十分な力を備え、なおかつ国王の姿そっくりの影。
時折、彼に任せ国王が街の様子を見に行ったりとかはして、よく怒られていた。
ただ今回は辺境地まで出向かないと行けない。
それも他の者に隠れて内密に……。
戻ってきてから怒られることを考えると気持ちが落ちこむが、より正確な状況を把握するためには仕方ない。
「すぐに影を呼んでくれ。
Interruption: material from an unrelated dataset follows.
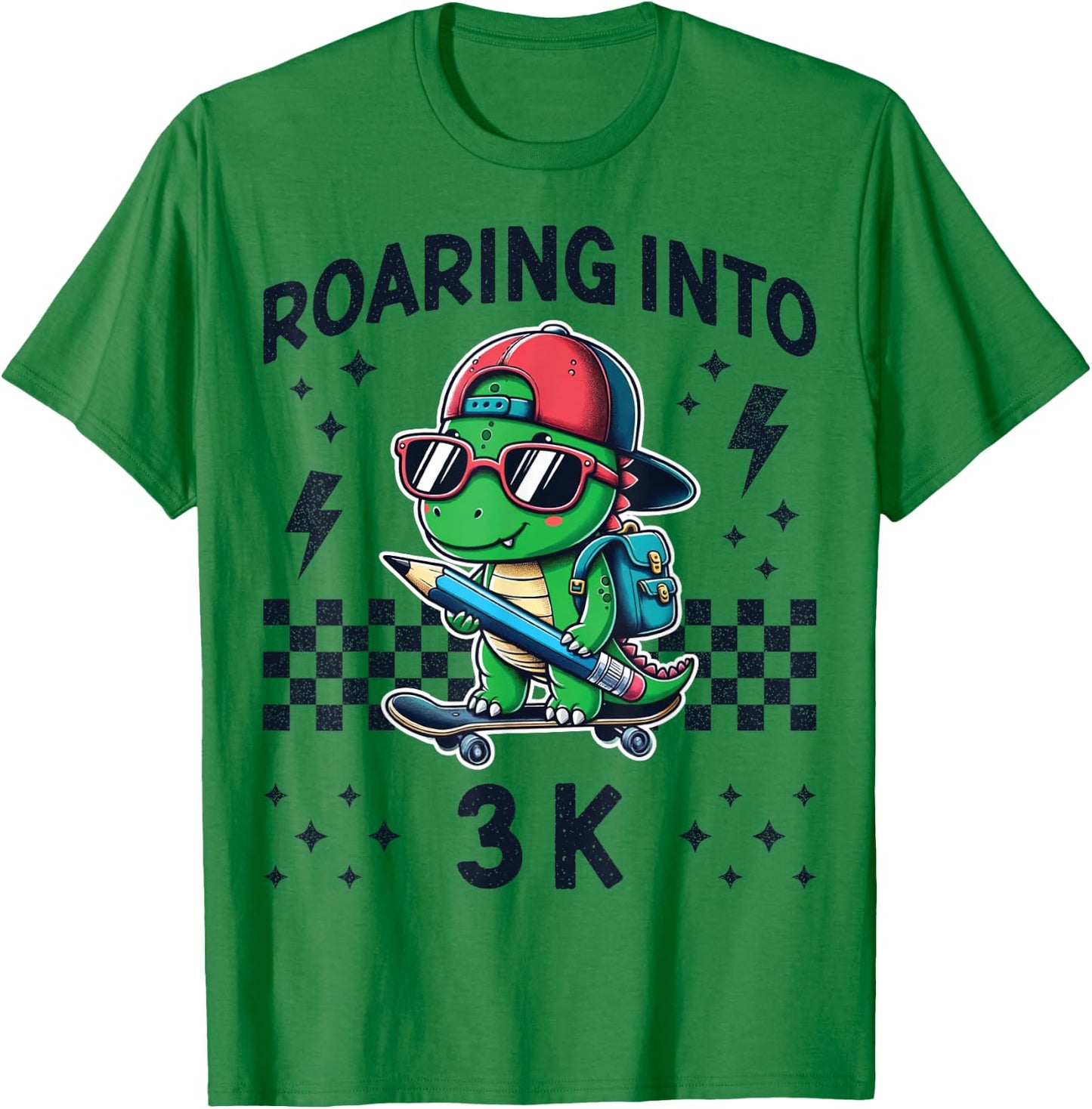 Roaring Into 3K Dinosaur Back to School Kid I’m Ready for 3K T-Shirt - T-Shirt | Irish Green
急ぎの仕事がある!」
◇◆◇◆◇◆
ティアが来てすぐは色々とトラブルがあったものの比較的平穏な生活へと戻っていた。
ただ、これも独立についての問い合わせの返答くるまでの一時的なもの。
とはいえ、今満喫しておかないと次はいつこの平穏な時間が来てくれるかわからないのでのんびりしておくことにする。
「ユーリ様、王国の人が来てるの」
どうやらほとんど休暇の時間はなかったようだった。
俺はため息ながらその使者に会いに行く。
――んっ?
応接間に入った瞬間に俺は首を傾げる。
どこか見たことのある人物がそこにいた。
やたら話しやすそうな、それでいて目の奥では笑っていない不思議な男だった。
しかし、どこで会ったかまで記憶にない。
でも、王国の使者なのだからおそらくは城のどこかですれ違ったとか、父バランの客として来たとかなのだろう。
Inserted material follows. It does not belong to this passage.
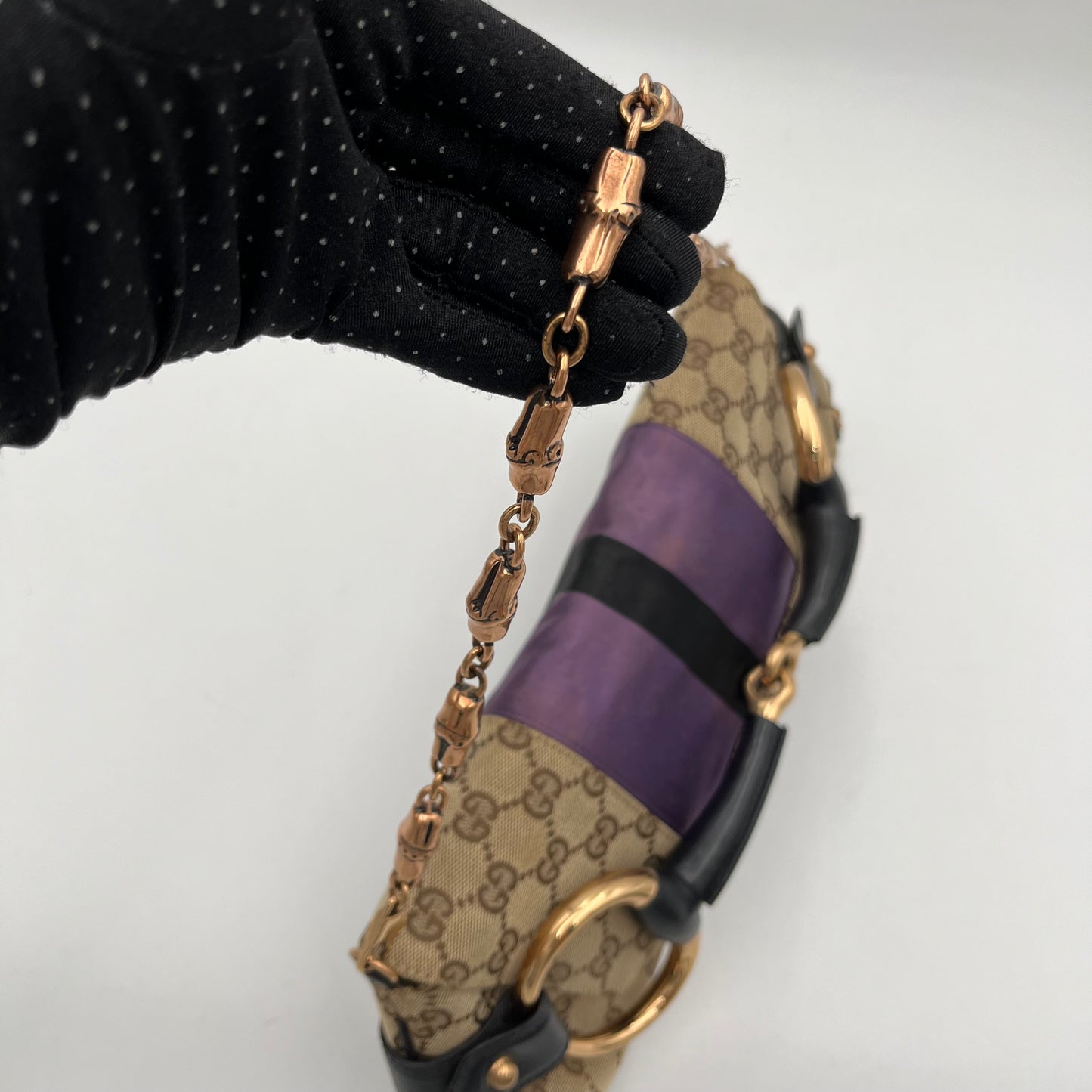 Gucci Tom Ford Monogram Purple Silk Horsebit Chain Shoulder Bag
紹介されたわけでもないのだからいちいち覚えていないのは仕方ない。
――いや、待て。
よくよく見るとその姿がインラーク国王と重なっていく。
――そういえばインラーク国王は変装をして城下町を出歩いている、という話があったな。
まさかこんな辺境地まで来るとは思っていなかったが。
――危なっ。ここで下手な対応をして国王の反感を買えば破滅ルート一直線じゃないか!?
先に気づくことができたためにそれ相応の対応ができそうだ。
大きく深呼吸をして気合いを入れ直す。
「本日はわざわざ遠くからご足労いただきありがとうございます」
「いえいえ、こちらこそ突然の来訪にも関わらずにお時間をいただき、ありがたい限りにございます」
手を差し出されたので、その手を取って握手をかわす。
「私はインラーク王国からの使者のアウル・イークランです。本日はインラーク国王よりお手紙を預かっております」
なぜか対応の仕方が他国に対するそれのように思える。
「拝見させていただきます」
手紙を受け取り、中身を見るとそこに書かれていたのは要約するとミリアからもらった手紙とほとんど同じで、独立国として認めることと、ミリアと婚約して欲しいということ、あとはこれからも友好を築いていきたいということが書かれていたのだった。